* [EXERCISE AIM]: Below are some records; find each line that carries the word "metal" and copy it.

[Data extracted from a collection]
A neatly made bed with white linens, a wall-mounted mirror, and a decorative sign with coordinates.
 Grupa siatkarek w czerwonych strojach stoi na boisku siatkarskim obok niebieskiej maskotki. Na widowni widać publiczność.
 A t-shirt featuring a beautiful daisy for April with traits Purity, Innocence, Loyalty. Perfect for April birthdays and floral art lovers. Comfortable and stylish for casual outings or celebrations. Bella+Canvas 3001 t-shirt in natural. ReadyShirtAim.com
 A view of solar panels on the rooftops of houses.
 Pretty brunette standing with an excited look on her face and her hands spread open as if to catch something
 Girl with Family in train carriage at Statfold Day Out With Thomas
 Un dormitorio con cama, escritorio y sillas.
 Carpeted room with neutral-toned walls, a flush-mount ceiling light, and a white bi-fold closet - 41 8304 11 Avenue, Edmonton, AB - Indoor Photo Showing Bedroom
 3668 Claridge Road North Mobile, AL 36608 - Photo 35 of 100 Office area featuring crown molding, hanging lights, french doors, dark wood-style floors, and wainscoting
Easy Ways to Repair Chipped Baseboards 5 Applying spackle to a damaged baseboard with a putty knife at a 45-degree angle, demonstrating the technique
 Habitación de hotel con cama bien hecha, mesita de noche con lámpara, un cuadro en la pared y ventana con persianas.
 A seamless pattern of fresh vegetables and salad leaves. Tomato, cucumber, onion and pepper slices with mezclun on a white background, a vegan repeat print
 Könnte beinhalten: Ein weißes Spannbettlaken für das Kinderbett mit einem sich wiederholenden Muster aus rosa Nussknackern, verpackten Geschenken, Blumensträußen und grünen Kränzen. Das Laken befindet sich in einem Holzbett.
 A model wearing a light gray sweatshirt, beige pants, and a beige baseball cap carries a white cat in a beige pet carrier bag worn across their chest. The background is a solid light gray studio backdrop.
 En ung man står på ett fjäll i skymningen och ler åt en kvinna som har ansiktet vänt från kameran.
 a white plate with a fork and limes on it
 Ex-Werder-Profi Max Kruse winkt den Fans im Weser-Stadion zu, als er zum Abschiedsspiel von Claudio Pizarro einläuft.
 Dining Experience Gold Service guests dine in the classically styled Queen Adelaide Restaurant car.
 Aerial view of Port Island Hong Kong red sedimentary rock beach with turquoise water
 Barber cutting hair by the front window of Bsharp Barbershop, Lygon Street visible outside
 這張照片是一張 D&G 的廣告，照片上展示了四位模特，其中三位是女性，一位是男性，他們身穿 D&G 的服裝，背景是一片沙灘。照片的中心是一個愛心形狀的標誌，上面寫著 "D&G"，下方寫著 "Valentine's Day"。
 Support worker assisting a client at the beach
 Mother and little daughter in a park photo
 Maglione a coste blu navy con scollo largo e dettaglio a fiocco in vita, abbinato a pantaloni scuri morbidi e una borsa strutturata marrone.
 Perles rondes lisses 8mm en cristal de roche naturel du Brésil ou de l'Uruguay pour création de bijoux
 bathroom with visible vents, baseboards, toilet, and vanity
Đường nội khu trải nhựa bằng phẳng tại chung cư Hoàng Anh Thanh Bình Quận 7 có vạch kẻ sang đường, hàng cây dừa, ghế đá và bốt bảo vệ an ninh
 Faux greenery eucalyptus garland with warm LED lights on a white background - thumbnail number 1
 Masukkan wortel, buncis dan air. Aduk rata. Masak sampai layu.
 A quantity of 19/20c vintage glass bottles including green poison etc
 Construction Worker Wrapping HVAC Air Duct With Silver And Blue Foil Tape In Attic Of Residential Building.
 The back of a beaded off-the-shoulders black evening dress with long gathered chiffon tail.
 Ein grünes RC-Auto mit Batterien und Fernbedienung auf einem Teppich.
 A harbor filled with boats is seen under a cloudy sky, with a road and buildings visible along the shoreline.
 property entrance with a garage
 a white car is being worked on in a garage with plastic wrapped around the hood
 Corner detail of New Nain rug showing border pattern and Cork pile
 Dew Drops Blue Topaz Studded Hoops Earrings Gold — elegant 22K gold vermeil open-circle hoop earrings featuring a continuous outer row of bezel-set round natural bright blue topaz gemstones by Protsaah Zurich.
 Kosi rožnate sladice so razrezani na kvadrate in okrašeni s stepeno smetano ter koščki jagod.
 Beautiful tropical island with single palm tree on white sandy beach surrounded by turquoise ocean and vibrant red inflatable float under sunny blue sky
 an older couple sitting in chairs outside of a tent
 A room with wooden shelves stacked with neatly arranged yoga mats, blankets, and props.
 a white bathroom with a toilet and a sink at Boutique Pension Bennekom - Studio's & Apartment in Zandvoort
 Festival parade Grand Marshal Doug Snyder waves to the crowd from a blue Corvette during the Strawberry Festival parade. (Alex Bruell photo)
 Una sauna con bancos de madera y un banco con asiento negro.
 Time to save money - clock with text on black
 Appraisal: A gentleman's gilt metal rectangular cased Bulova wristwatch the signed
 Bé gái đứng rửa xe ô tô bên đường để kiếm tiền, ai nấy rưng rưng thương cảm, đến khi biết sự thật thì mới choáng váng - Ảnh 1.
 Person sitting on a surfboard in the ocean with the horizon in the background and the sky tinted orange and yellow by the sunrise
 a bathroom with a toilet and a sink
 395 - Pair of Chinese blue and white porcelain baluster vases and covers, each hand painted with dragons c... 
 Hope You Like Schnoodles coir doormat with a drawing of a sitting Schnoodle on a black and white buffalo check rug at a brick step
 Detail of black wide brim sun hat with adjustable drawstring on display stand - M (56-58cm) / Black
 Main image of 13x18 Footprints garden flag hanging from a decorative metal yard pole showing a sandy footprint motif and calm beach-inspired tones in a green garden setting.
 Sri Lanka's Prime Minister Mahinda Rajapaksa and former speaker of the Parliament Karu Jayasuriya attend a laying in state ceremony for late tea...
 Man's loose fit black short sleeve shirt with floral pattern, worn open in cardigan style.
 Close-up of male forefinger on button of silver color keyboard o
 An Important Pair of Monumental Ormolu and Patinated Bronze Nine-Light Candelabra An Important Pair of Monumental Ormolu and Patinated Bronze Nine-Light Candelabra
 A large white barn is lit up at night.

* [RESPONSE TO THE TASK]:
 Appraisal: A gentleman's gilt metal rectangular cased Bulova wristwatch the signed
 Main image of 13x18 Footprints garden flag hanging from a decorative metal yard pole showing a sandy footprint motif and calm beach-inspired tones in a green garden setting.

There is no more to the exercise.